The Loan is governed by that certain Loan Agreement by and between Borrower and Original Lender dated as of March 11, 2015 (the “Loan Agreement”). Capitalized terms used but not defined herein shall have the meanings ascribed to such terms in the Loan Agreement, or if not defined therein, in the other Loan Documents (as defined in the Loan Agreement).
C.
The Loan is secured, in part, by that certain Cash Management Agreement by and among Borrower, Manager, Original Lender and Cash Management Bank dated as of March 11, 2015.
D.
The Loan and each of the Loan Documents were subsequently assigned or endorsed to Noteholder, and Noteholder is the current holder of the Loan and the Loan Documents.
E.
As of the date hereof, an Uncapped Rating Sweep has occurred and is continuing.
F.
Borrower has requested that an amendment be made to certain of the cash management provisions in the Loan Documents, as more particularly described below.
G.
Noteholder hereby acknowledges and consents to such amendment as set forth herein, subject to the terms and conditions stated below.
AGREEMENT:

In consideration of the foregoing and the mutual covenants and promises set forth in this Agreement and other good and valuable consideration, the receipt and sufficiency of which are hereby acknowledged, each of the parties to this Agreement hereby agree as follows:

1.Incorporation of Recitals.
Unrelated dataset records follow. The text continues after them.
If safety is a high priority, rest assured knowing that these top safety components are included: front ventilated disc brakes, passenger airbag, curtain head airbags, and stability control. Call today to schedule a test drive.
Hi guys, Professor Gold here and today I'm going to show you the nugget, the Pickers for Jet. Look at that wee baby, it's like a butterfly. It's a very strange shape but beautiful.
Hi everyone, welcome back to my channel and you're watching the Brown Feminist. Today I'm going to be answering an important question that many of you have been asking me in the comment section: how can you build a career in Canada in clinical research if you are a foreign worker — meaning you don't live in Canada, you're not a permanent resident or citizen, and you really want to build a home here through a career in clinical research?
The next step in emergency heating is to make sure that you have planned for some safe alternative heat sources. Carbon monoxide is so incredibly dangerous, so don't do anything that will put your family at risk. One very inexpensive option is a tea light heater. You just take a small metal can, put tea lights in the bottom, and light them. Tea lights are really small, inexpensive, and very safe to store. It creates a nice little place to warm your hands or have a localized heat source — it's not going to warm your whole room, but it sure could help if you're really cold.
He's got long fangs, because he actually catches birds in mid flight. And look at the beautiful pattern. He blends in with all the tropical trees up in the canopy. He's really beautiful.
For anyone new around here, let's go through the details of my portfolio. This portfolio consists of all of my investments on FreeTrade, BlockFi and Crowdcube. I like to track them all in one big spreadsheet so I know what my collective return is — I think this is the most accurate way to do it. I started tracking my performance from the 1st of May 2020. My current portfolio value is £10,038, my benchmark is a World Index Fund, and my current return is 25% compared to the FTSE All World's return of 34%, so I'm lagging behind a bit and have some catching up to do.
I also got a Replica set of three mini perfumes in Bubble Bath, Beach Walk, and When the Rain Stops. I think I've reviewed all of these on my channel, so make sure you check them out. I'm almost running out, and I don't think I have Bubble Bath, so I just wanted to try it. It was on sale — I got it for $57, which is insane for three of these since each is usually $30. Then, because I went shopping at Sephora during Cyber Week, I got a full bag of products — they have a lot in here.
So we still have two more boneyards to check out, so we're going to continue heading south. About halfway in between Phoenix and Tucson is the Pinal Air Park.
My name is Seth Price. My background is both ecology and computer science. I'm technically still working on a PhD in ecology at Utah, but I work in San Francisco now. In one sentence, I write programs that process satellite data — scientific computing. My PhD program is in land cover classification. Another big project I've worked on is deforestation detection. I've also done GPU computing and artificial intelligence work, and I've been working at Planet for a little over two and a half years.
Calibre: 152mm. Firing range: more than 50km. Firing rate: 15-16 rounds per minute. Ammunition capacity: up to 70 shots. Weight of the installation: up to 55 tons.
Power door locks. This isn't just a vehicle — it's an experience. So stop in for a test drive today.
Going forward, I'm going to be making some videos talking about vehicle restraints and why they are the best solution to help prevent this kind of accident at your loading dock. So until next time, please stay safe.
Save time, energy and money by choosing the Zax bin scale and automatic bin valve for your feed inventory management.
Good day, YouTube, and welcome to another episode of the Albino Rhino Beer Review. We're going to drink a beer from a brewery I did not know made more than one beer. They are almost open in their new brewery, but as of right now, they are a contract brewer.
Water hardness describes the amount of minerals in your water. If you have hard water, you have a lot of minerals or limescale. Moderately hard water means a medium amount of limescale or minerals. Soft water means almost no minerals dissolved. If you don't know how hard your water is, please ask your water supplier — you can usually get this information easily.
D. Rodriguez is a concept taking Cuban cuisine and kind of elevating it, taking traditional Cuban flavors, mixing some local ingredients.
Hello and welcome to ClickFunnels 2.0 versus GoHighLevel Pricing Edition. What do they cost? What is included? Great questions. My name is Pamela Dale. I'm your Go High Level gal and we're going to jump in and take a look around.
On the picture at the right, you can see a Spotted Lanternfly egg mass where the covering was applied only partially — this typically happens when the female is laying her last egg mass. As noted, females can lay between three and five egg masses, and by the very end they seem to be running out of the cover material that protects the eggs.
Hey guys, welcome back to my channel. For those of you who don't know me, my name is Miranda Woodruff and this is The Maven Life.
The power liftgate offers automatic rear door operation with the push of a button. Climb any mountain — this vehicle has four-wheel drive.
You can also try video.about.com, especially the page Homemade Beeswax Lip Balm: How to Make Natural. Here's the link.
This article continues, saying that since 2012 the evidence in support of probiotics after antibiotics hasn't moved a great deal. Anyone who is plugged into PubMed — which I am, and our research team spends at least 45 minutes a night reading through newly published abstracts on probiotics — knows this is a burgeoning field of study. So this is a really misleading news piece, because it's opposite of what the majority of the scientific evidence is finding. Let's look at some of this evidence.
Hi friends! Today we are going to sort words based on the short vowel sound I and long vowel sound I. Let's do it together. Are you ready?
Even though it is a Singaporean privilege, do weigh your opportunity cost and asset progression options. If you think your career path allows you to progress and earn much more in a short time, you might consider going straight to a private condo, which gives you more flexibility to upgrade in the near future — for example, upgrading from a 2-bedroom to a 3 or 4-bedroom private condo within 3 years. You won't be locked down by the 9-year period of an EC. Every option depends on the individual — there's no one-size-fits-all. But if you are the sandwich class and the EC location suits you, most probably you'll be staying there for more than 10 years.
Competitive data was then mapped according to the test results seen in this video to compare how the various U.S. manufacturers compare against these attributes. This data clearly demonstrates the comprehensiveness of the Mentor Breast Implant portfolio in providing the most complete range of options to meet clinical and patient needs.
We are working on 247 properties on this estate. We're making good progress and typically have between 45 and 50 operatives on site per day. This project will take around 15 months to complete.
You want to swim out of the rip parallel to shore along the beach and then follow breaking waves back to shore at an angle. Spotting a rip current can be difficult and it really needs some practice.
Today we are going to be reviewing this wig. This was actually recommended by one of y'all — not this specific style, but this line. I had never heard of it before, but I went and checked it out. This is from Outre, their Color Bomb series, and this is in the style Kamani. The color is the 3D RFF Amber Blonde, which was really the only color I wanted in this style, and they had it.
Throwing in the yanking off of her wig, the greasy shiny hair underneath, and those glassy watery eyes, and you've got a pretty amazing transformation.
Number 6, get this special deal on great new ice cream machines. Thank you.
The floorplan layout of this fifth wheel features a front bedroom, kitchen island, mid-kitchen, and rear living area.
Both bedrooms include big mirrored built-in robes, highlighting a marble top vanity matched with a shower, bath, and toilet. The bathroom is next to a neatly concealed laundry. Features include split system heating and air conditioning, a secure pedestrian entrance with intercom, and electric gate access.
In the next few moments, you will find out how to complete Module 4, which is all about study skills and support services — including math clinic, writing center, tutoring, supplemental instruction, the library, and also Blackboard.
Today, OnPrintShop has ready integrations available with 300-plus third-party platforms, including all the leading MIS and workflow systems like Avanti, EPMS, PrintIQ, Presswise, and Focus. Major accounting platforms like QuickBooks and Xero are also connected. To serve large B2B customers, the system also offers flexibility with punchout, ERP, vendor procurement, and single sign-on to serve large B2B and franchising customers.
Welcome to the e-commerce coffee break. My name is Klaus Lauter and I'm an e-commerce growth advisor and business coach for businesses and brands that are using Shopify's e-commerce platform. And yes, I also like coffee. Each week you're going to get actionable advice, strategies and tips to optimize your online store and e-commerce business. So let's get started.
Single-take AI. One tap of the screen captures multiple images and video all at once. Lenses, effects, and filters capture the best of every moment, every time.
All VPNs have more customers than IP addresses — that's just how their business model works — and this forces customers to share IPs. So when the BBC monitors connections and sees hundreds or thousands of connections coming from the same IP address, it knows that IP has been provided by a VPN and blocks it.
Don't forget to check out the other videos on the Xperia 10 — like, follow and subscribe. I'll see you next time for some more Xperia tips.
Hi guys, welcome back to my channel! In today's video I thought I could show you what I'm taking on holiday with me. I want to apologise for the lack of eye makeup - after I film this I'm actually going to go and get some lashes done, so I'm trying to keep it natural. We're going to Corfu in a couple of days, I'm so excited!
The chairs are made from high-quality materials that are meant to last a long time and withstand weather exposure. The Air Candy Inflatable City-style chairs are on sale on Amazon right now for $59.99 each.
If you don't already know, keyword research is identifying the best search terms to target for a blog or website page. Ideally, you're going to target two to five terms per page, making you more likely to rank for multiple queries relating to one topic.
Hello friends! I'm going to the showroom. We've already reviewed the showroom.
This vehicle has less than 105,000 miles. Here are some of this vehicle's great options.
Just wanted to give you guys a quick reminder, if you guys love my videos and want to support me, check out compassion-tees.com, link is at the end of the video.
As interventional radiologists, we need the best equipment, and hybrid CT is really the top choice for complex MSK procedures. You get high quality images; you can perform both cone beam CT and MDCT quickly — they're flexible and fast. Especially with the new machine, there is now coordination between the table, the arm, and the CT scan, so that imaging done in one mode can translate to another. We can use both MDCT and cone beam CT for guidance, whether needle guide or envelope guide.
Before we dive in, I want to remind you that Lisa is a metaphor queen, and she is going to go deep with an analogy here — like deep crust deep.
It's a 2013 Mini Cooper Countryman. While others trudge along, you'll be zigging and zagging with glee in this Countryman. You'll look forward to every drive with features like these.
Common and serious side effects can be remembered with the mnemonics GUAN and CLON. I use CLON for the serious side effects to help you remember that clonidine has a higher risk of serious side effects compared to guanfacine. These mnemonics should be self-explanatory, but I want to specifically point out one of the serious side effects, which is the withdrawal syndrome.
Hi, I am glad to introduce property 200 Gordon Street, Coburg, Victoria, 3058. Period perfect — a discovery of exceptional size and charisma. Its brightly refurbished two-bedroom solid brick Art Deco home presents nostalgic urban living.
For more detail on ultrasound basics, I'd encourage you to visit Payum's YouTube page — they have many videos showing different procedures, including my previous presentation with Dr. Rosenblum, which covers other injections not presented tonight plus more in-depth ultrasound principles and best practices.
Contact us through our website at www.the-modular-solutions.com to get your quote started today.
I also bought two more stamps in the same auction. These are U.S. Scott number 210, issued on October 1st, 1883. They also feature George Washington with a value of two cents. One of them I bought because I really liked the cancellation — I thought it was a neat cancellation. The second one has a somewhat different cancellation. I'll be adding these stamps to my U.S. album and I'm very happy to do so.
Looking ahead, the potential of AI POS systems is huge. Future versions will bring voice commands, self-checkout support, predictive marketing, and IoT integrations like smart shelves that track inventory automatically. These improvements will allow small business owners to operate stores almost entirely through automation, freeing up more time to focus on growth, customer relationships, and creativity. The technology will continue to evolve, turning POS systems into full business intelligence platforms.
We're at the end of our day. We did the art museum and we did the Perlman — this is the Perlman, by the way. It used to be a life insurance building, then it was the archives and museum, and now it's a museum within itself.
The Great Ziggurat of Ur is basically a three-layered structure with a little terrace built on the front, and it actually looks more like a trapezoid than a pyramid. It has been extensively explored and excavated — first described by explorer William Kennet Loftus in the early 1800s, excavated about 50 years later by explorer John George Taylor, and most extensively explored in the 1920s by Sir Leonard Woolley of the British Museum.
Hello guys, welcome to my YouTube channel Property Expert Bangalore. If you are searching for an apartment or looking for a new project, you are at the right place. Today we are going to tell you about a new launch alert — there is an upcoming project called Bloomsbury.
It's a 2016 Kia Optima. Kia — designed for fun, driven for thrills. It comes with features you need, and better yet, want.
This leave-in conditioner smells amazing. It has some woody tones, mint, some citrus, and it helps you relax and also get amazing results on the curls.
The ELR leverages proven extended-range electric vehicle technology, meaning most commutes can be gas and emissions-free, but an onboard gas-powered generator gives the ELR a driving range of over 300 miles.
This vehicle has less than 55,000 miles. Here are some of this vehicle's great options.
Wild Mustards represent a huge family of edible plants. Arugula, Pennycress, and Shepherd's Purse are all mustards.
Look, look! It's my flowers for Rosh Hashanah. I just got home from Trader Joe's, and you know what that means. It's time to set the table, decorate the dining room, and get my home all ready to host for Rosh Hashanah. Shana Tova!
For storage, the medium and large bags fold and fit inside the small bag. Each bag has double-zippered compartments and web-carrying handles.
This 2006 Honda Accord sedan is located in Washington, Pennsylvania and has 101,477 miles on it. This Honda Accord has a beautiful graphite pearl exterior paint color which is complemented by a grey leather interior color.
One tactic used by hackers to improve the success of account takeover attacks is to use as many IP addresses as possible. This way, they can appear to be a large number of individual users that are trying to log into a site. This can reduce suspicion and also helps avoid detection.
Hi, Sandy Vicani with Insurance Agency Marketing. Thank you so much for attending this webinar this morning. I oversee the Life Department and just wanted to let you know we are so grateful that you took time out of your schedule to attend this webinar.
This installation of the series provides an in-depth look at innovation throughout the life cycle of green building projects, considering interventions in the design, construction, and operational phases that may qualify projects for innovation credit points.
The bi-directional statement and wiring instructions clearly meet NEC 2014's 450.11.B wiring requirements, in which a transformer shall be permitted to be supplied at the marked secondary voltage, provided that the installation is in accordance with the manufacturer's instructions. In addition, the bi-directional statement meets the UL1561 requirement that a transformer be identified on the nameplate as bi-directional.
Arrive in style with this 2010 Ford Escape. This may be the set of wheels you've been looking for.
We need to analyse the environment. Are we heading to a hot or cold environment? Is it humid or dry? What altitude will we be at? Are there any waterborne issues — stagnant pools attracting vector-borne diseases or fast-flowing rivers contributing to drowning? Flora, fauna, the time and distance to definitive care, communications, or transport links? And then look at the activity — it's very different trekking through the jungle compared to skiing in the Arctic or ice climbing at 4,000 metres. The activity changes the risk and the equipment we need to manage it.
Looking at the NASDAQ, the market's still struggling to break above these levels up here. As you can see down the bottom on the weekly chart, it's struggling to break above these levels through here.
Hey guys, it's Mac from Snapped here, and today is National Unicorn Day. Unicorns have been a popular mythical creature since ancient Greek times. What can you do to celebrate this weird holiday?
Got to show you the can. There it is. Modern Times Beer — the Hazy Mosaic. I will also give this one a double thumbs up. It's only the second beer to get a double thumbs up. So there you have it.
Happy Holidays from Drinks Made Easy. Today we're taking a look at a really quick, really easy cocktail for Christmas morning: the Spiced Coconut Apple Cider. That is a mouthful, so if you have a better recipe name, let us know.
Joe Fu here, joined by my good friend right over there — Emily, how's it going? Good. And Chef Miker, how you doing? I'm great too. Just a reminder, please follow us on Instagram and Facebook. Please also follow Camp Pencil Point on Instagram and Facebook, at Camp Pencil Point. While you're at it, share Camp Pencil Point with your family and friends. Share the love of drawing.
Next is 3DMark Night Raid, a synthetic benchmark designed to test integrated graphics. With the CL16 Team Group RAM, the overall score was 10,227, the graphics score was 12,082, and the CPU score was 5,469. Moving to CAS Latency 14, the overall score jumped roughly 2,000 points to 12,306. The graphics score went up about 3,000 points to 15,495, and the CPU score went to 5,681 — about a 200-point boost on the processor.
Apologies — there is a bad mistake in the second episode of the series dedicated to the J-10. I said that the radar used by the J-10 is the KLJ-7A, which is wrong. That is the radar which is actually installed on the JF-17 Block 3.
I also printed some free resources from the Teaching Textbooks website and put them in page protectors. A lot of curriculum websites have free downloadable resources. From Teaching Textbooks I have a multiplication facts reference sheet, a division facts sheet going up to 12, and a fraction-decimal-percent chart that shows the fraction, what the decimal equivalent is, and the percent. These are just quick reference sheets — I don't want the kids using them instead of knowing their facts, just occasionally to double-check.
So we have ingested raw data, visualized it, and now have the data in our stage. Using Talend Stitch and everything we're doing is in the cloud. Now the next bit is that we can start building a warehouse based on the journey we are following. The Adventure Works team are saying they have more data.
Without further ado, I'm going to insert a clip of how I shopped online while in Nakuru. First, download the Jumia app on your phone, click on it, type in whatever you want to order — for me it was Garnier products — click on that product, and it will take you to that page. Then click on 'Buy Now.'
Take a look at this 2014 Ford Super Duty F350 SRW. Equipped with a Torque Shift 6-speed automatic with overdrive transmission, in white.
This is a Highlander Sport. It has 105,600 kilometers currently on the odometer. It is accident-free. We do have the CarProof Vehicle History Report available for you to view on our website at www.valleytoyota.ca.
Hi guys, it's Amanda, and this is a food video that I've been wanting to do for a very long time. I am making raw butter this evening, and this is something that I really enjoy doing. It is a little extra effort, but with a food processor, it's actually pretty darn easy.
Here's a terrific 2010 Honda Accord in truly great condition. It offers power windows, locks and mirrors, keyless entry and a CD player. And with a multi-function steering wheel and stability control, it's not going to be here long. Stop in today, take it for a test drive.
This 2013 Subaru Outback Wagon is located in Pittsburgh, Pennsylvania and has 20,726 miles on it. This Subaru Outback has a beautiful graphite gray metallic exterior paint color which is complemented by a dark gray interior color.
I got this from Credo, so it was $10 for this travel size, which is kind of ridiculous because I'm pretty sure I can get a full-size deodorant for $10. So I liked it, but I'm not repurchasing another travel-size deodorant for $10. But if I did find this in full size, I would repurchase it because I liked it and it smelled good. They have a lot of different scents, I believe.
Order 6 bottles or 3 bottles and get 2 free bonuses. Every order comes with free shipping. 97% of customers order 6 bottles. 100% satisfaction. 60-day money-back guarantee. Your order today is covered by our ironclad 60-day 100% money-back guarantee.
The foregoing recitals are incorporated herein as a substantive, contractual part of this Agreement. The words “including” and “includes,” and words of similar import, shall be deemed to be followed by the phrase “without limitation”, and the words “hereof” and “hereunder,” and words of similar import, shall be deemed to refer to this Agreement as a whole and not to the specific section or provision where such word appears. This Agreement shall be an additional Loan Document as such term is used herein and in the other Loan Documents.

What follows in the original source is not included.